CPU times: user 3min 2s, sys: 683 ms, total: 3min 3s
Wall time: 3min 1s


In [10]:
np.bincount(Y_train)

array([179902, 179902])

---

# Using RF

In [12]:
%%time
from sklearn.ensemble import RandomForestClassifier
clf = RandomForestClassifier(n_estimators=500,
                             max_depth =10,
                             random_state=0,
                             n_jobs=-1)

clf.fit(X_train,Y_train)

CPU times: user 1h 8min 53s, sys: 15.8 s, total: 1h 9min 9s
Wall time: 18min 33s


## Saving the model

In [20]:
with open('./model/rf.pkl','wb') as f:
    pickle.dump(clf, f) 

## Loading the model

In [12]:
with open('./model/rf.pkl','rb') as f:
    clf = pickle.load(f)


## Investigating metrics

In [None]:
y_pred = clf.predict(xs)
y_proba = clf.predict_proba(xs)[:,1]
print("accuracy: {}".format(accuracy_score(ys, y_pred)))
print("precision score: {}".format(average_precision_score(ys,y_pred)))
print("roc auc score: {}".format(roc_auc_score(ys,y_proba)))

accuracy: 0.826715
precision score: 0.23707970842771345
roc auc score: 0.8520430516587387


In [None]:
confusion_matrix(ys, y_pred)

array([[152688,  27214],
       [  7443,  12655]])

---
# Using XGBoost

In [11]:
import xgboost as xgb
from xgboost.sklearn import XGBClassifier

In [12]:
xgb = XGBClassifier(
 learning_rate =0.1,
 n_estimators=1000,
 max_depth=5,
 min_child_weight=1,
 gamma=0,
 subsample=0.8,
 colsample_bytree=0.8,
 objective= 'binary:logistic',
 verbosity=3,
 scale_pos_weight=1,
 seed=27)

## training with smote dataset

In [13]:
df_=pd.DataFrame(X_train,columns=columns_to_select)
df_['label']= Y_train

In [14]:
%%time
# Training with smote results
xgb.fit(df_[columns_to_select],df_['label'],eval_metric='auc')

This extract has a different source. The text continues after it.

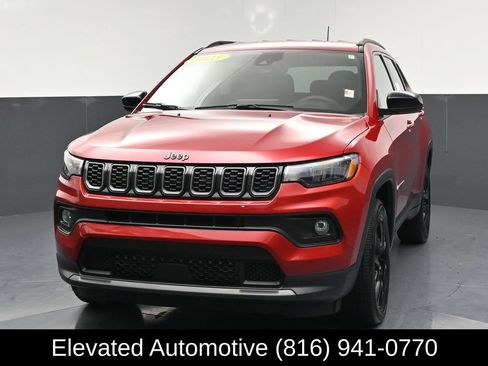 Used 2025 Jeep Compass Latitude w/ Altitude Special Edition AWD/4WD image 3
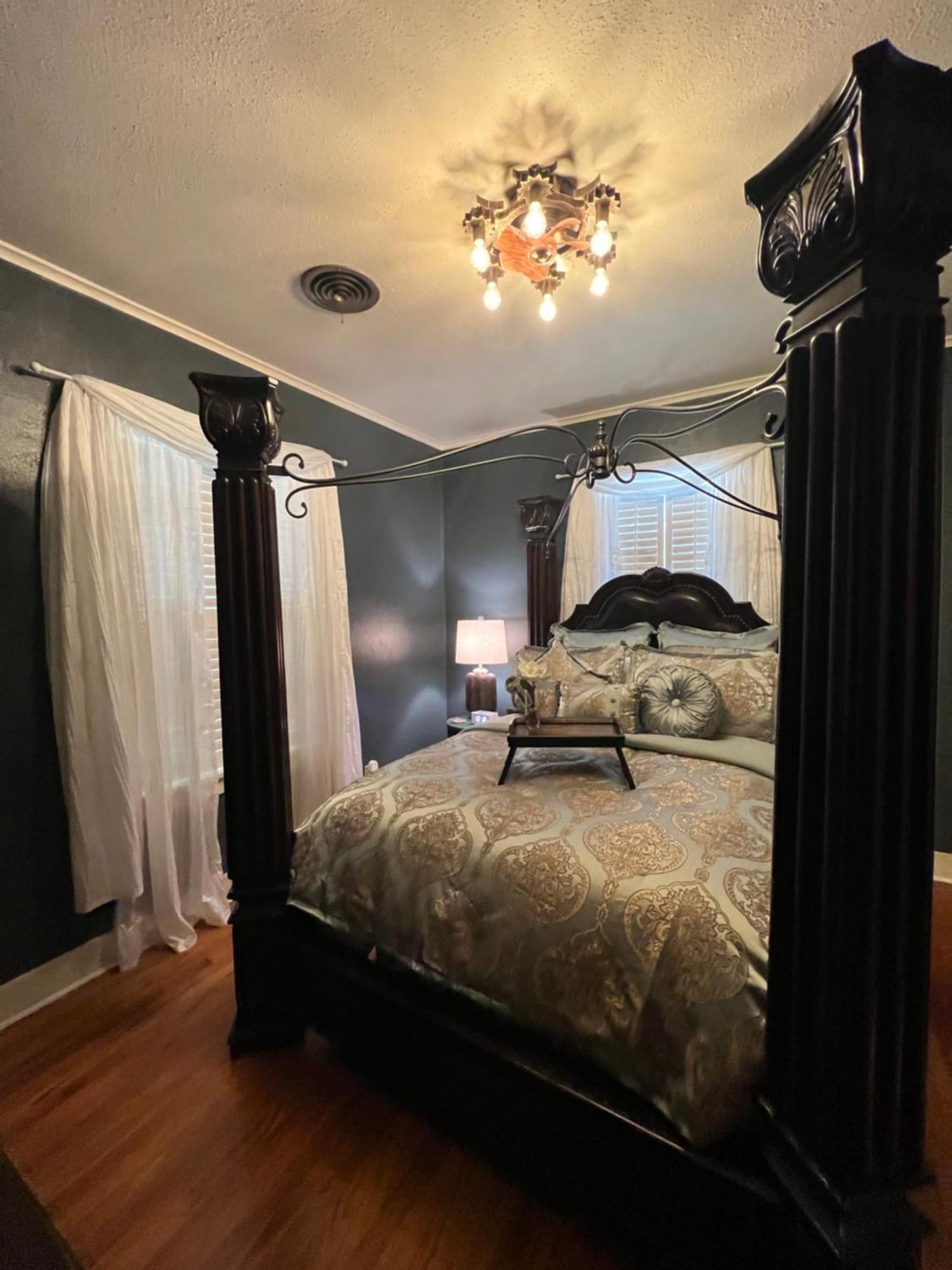 Отель Opus House Historic Натчиточес Экстерьер фото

CPU times: user 1h 41min, sys: 1.3 s, total: 1h 41min 1s
Wall time: 1h 40min 59s


XGBClassifier(base_score=0.5, booster='gbtree', colsample_bylevel=1,
       colsample_bytree=0.8, gamma=0, learning_rate=0.1, max_delta_step=0,
       max_depth=5, min_child_weight=1, missing=None, n_estimators=1000,
       n_jobs=1, nthread=None, objective='binary:logistic', random_state=0,
       reg_alpha=0, reg_lambda=1, scale_pos_weight=1, seed=27, silent=True,
       subsample=0.8, verbosity=3)

In [17]:
with open('./model/xgb_smote.pkl','wb') as f:
    pickle.dump(xgb, f) 

In [None]:
with open('./model/xgb_smote.pkl','rb') as f:
    xgb = pickle.load(f)

In [19]:
train['pred']= xgb.predict(train[columns_to_select])
train['proba'] = xgb.predict_proba(train[columns_to_select])[:,1]

print("accuracy: {}".format(accuracy_score(train['target'], train['pred'])))
print("precision score: {}".format(average_precision_score(train['pred'],train['target'])))
print("roc auc score: {}".format(roc_auc_score(train['target'],train['proba'])))

accuracy: 0.937695
precision score: 0.5158105070824383
roc auc score: 0.9528613760843482


In [20]:
confusion_matrix(train['target'], train['pred'])

array([[173347,   6555],
       [  5906,  14192]])

---
## training on the orignal dataset

In [14]:
%%time
# Training on the original dataset
xgb.fit(train[columns_to_select], train['target'],eval_metric='auc')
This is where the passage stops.